Wczesnym popołudniem zawaliła się centralna część akademika szkoły średniej Tamási Áron w Székelyudvarhely. Do wypadku doszło, gdy uczniowie wrócili już ze szkoły do ​​miejsca zakwaterowania. Kilku osobom udało się wybiec, ale część w chwili wypadku spała. Wiadomo, że pod gruzami uwięziona została czwórka dzieci. Wszystkich już odnaleziono, jednak życia jednej młodej osoby nie udało się uratować, a druga jest w śpiączce. Stary budynek zawalił się w wyniku prac ziemnych na dziedzińcu uczelni.

„Székelyudvarhely pogrąża się w żałobie i okoliczne osady, zwłaszcza społeczność Farkaslaka. Niestety władze potwierdziły informację o tragedii, w wyniku zawalenia się budynku życie stracił chłopiec z 12. klasy z Farkaslak” – powiedziała M1 Hírado Krisztina Geréb, korespondentka mediów publicznych Székelyudvarhely.

Pod gruzami znalazło się czterech młodych ludzi w wieku od 15 do 17 lat, a strażakom udało się ich wydostać. Wiadomo, że zaraz po wyciągnięciu dziewczynkę ratownicy reanimowali, ale jej stan nadal jest krytyczny. Czwartego ucznia znaleziono w takim stanie, że nawet po długotrwałej reanimacji nie udało się uratować jego życia.

Korespondent powiedział, że według jego informacji kilka instytucji zaproponowało studentom korzystanie z akademików innych wyznań.

Amatorski materiał filmowy pokazany na autostradzie M1 pokazuje strażaków wyciągających rannego ucznia spod gruzów.

Tragedia wydarzyła się w poniedziałkowe popołudnie. Dach i ściany akademika szkoły średniej Tamási Áron w Székelyudvarhely całkowicie się zawaliły. Zawalenie dotknęło środkową część budynku. Według straży pożarnej hrabstwa Hargita zawaliła się ściana o powierzchni 200 metrów kwadratowych.

W wyniku zawalenia się budynku kilka osób zostało rannych. Według aktualnych informacji pod gruzami pochowano czworo dzieci.

Za pomocą specjalnych narzędzi profesjonaliści ostrożnie przeszukali ruiny i skutecznie wydobyli ucznia, którego natychmiast zabrano do ambulansu. Poszukiwania kontynuowano niedługo po tym, jak spod ruin odnaleziono kolejne dziecko. Późnym popołudniem udało się uratować trzy dziewczynki. Wszyscy odnieśli poważne obrażenia. Jednego z nich udało się na miejscu reanimować, jednak z naszych informacji wynika, że ​​obecnie znajduje się w śpiączce.

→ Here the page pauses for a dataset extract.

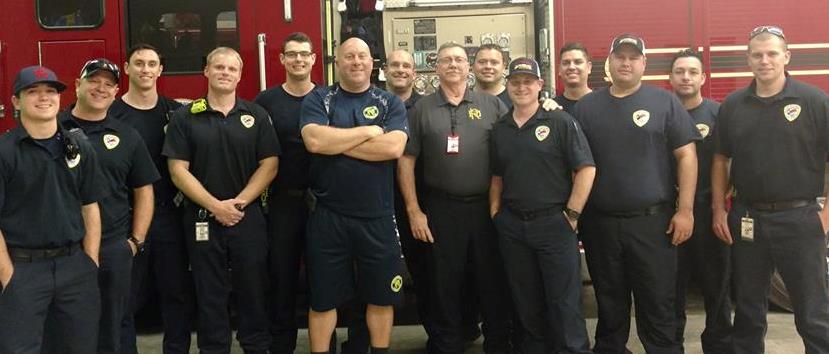 Tom Walleck and firefighters at his retirement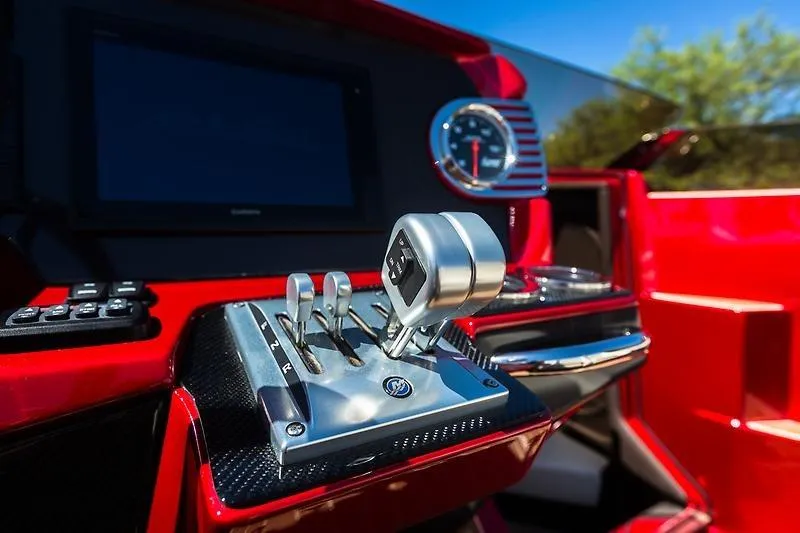 Slide: The Image of 2026 Nor-Tech 360 Monte Carlo Flyer cockpit with sleek red controls and modern dashboard. - 3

Oprócz strażaków w akcji ratunkowej brały udział także jednostki specjalne, w tym ratownicy górscy. Akcja ratownicza prowadzona była w warunkach ciągłego zagrożenia zawaleniem, a strażacy z powodu spadającego gruzu musieli uciekać. W pobliżu tragedii byli obecni także uczniowie szkół średnich. Mówią, że to niezrozumiałe, co przydarzyło się ich towarzyszom.

„Słyszeliśmy od jednego z naszych kolegów z klasy, że właśnie korzystał z toalety i zobaczył pęknięcie ściany, ale na szczęście udało mu się wybiec” – powiedział jeden z uczniów.

Centralna część akademika zawaliła się niespodziewanie z chwili na chwilę, gdy w budynku przebywało wielu studentów.

„Prawdopodobnie ma to związek z pracami odbywającymi się na podwórku, niestety do zdarzenia doszło tuż po zakończeniu zajęć i dzieci wchodziły do ​​swoich pokojów, a część z nich spała, kiedy to się stało” – powiedziała Noémi Zörgő, rzeczniczka biura burmistrza biuro w Székelyudvarhely.

Wczesnym wieczorem z gruzów wydobyto także czwartą ofiarę, której natychmiast podjęto reanimację, ale jego nie udało się już uratować.